> TASK REQUIREMENTS:
Begin with the line containing "1109 Nighthawk Trail - Photo 20" and end with the last line of the data below; return those lines exactly, and only those.
===== PROVIDED DATA =====
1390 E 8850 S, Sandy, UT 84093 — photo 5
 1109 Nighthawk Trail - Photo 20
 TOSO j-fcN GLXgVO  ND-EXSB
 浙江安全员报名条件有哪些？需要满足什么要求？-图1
=====
> THE ANSWER:
 1109 Nighthawk Trail - Photo 20
 TOSO j-fcN GLXgVO  ND-EXSB
 浙江安全员报名条件有哪些？需要满足什么要求？-图1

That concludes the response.